What I’m trying to do

I’m making a fairly elaborate DnD character sheet setup with Bases and using a series of formulas to aggregate different active sources of modifications to certain Skills.

My starting point for what I need to do is a list with entries in the following format: Skill | Modifier

Here’s a copy of the current list output from Skills Compiled shown in the screenshot.

["Acrobatics | ADV", "Acrobatics | DIS", "Arcana | Proficiency", "Athletics | Expertise", "Athletics | Proficiency", "Deception | DIS", "Deception | Expertise"]

Because they can all come in from different sources at any of those modifier values (ADV, DIS, Proficiency, and Expertise), it’s important for them to start separately, but eventually I need them consolidated all in one place.

You can see where I have multiple entries per Skill; I’d like to be able find a way to map/filter/reduce this list so that it merges the modifiers of Skills which share the same value before the bar. For instance, in the example above, I’m trying to get Acrobatics | ADV and Acrobatics | DIS to become Acrobatics | ADV, DIS and Deception | Expertise & Deception | DIS to become Deception | Expertise, DIS (the commas aren’t necessary per se, but they are readable).

The goal is to fold the values together per Skill so that some more logic can be applied (e.g. if the same value contains ADV & DIS, cancel them out from the final compilation; and if the same value contains “Proficiency” & “Expertise,” just show Expertise). I think I know how to handle that part of it all, however, once I get the entries into the proper format.

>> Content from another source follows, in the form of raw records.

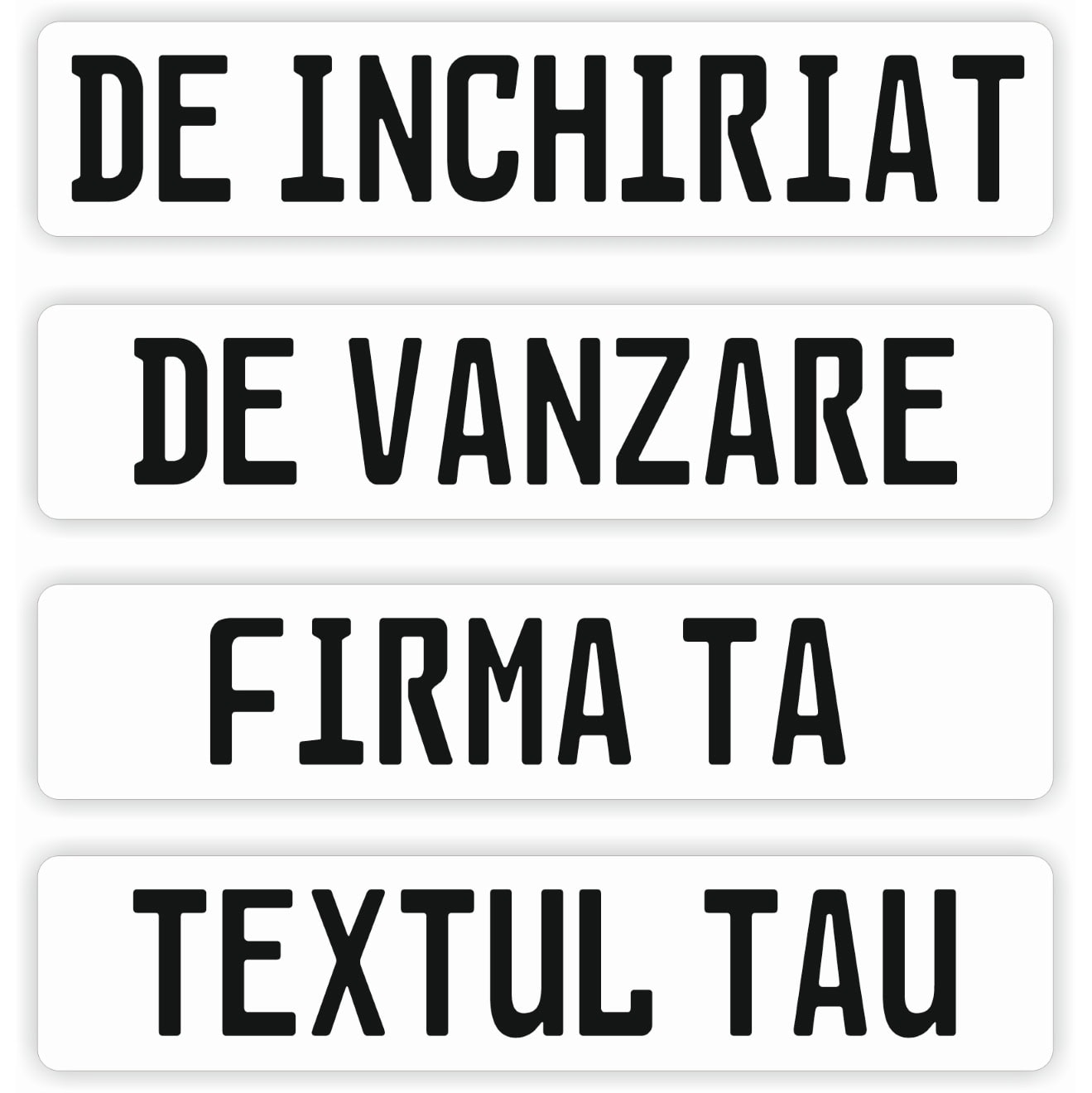 Placuta de inmatriculare "CUSTOM TEXT", dimensiune 52 x 11 cm, culoare alba, material PVC, 33 de caractere incluse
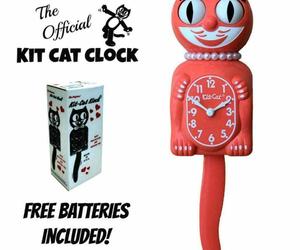 LIVING CORAL LADY Kit Cat CLOCK 15.5" Free Battery MADE IN USA Kit-Cat Klock New, an item from the 'Time to Think of Those New Year Resolutions' hand-picked list
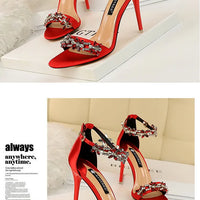 Open Toe Rhinestones Sandals Women New Designer Sexy High Heels Sandals Female Shoes Summer Heeled Sandals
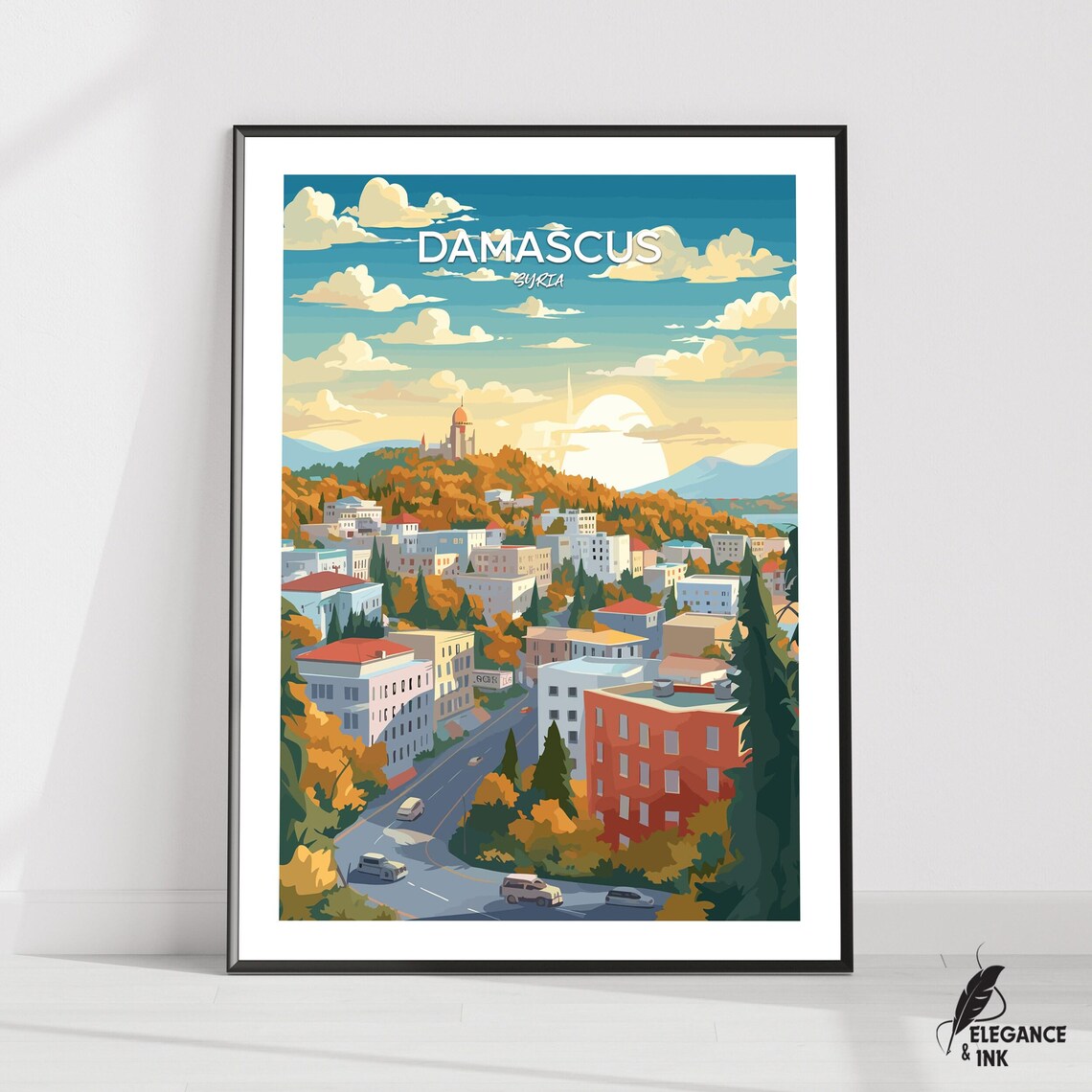 Damascus Syria Sunrise Hillside Old City Retro Travel Poster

Bear in mind that in theory any given Skill value could contain any/all of those 4 values, and that some Skill names are multiple words long like Animal Handling or Sleight of Hand.

Things I have tried

I’ve been scratching my head at this for a while trying things, and the closest I could get was something like the following, but although it helps remove the duplicate Skill items and preserves the order…the result is just a disconnected list, not one grouped by Skill anymore:

this.formula["Skills Compiled"].map(value.split(" | ").slice(0,-1)+value.split(" | ").slice(-1)).flat().unique().join(", ")

Returns Acrobatics, ADV, DIS, Arcana, Proficiency, Athletics, Expertise, Deception …not sure if that’s helpful, but it shows I tried first?!

Much obliged!

1 Like

Does this have to happen in Obsidian? If you are willing to copy paste to Python for a moment, you can run this quick Claude Code’d script on your own machine or online like at PyNative after replacing the example object with your input.

#!/usr/bin/env python3

def consolidate_skills(skill_list):
    """
    Consolidates skill modifiers by grouping modifiers for the same skill.

    Args:
        skill_list: List of strings in format "Skill | Modifier"

    Returns:
        List of strings in format "Skill | Modifier1, Modifier2, ..."
    """
    skill_dict = {}

    # Group modifiers by skill
    for entry in skill_list:
        parts = entry.split(" | ")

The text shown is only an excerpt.